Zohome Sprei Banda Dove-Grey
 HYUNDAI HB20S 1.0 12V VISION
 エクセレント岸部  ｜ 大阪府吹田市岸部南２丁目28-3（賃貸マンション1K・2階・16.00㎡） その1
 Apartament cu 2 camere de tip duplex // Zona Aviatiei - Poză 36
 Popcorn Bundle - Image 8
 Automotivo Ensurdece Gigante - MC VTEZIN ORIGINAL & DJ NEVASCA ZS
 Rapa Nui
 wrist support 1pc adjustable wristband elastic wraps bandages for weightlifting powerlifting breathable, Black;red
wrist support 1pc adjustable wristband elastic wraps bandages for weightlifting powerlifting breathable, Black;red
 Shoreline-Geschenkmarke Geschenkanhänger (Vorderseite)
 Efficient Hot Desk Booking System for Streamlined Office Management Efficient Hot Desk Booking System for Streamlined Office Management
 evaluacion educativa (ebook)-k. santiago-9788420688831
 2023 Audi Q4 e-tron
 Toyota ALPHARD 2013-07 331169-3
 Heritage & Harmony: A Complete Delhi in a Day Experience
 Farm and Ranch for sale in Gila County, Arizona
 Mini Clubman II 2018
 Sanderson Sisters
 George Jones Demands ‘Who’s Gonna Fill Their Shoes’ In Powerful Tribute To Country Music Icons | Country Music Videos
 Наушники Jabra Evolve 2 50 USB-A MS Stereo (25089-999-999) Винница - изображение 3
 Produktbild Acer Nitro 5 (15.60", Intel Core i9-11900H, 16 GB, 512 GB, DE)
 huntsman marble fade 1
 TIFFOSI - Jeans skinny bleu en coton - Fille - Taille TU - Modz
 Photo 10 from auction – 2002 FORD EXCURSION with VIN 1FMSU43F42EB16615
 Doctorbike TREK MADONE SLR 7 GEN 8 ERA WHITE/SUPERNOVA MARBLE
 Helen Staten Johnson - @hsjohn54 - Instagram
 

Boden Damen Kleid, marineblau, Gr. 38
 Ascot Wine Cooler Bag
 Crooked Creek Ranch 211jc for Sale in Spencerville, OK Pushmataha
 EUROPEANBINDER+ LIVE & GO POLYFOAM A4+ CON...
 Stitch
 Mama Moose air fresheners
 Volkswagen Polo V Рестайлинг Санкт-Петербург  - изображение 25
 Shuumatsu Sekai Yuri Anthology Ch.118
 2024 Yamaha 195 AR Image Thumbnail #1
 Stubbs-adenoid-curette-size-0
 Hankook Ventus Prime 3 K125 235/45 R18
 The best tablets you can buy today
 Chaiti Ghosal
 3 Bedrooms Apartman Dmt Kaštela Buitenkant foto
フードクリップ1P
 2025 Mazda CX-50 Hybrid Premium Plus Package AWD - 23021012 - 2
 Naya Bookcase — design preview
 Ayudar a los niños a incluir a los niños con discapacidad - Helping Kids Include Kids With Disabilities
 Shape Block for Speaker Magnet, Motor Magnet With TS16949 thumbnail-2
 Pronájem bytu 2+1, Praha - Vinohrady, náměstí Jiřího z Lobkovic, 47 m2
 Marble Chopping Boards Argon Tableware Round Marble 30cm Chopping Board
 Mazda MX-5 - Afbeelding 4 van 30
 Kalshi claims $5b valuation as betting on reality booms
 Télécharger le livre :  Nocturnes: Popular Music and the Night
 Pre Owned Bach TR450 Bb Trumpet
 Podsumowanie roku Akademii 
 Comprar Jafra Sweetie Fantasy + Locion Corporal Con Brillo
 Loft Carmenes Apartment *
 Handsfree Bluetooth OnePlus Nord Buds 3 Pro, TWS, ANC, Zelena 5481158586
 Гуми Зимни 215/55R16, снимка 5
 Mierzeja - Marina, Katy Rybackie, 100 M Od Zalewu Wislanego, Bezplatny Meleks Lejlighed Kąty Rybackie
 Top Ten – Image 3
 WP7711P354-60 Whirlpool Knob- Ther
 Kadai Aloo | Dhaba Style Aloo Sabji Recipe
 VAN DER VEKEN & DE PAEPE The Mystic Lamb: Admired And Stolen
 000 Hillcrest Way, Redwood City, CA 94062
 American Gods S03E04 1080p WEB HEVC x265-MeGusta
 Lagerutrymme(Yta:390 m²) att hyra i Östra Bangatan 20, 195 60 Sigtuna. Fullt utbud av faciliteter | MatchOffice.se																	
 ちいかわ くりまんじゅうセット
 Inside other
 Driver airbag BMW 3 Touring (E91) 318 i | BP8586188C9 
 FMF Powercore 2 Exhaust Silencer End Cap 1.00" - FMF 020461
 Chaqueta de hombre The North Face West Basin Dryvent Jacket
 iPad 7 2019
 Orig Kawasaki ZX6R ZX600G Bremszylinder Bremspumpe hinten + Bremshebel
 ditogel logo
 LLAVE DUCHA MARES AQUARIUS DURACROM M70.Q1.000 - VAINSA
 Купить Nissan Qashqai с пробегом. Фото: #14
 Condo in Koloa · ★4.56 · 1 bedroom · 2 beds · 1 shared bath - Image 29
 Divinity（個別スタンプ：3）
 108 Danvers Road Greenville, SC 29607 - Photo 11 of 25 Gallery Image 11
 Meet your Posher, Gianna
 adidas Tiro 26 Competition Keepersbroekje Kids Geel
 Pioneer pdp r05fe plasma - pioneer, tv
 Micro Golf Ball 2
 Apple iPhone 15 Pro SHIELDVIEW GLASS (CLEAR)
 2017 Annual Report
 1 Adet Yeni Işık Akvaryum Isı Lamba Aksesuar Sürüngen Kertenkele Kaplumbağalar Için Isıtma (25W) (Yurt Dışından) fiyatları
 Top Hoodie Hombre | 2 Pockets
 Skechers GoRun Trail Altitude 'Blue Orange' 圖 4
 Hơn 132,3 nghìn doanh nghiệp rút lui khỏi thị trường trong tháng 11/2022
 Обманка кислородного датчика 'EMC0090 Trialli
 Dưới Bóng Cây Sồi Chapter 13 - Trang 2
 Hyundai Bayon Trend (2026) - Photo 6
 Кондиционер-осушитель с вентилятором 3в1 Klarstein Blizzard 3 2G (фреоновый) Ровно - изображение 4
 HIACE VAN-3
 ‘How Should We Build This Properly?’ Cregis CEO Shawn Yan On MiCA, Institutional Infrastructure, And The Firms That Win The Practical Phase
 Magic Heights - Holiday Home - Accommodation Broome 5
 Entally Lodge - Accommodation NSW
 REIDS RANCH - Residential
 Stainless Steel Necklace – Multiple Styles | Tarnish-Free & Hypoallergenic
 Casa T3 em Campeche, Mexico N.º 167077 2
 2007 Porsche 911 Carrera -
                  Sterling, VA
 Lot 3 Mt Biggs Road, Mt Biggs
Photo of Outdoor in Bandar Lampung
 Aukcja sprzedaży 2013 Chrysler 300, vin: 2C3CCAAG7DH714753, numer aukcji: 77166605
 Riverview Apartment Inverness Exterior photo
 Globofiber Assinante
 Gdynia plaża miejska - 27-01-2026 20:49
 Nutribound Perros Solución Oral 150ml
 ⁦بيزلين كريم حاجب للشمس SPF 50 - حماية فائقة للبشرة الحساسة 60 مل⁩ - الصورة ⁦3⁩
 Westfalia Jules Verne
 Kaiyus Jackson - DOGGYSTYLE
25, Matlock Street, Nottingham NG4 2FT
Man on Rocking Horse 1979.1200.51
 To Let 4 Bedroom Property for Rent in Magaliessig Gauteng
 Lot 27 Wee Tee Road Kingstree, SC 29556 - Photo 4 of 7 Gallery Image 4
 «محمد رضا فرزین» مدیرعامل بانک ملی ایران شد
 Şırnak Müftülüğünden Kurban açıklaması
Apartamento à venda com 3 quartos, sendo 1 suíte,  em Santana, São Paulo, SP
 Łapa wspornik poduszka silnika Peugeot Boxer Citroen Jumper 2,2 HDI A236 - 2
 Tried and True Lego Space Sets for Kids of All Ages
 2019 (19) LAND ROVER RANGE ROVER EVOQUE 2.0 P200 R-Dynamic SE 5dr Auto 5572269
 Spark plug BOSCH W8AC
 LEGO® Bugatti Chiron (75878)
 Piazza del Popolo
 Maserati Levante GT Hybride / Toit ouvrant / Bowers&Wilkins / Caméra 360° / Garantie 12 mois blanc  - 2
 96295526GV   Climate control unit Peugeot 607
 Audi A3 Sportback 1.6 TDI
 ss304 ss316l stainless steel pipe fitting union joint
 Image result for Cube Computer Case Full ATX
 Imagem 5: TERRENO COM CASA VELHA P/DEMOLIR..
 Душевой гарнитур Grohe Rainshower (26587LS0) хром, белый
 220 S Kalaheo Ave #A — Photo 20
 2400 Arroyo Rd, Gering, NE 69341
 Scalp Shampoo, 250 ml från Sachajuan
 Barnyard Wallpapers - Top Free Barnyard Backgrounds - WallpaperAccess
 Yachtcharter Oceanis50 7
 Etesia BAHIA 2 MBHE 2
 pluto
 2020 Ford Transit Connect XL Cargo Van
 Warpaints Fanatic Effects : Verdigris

# Exercise aim
Using the material above, return each line in which the word "adjustable" occurs.

# Answer for the task
 wrist support 1pc adjustable wristband elastic wraps bandages for weightlifting powerlifting breathable, Black;red
wrist support 1pc adjustable wristband elastic wraps bandages for weightlifting powerlifting breathable, Black;red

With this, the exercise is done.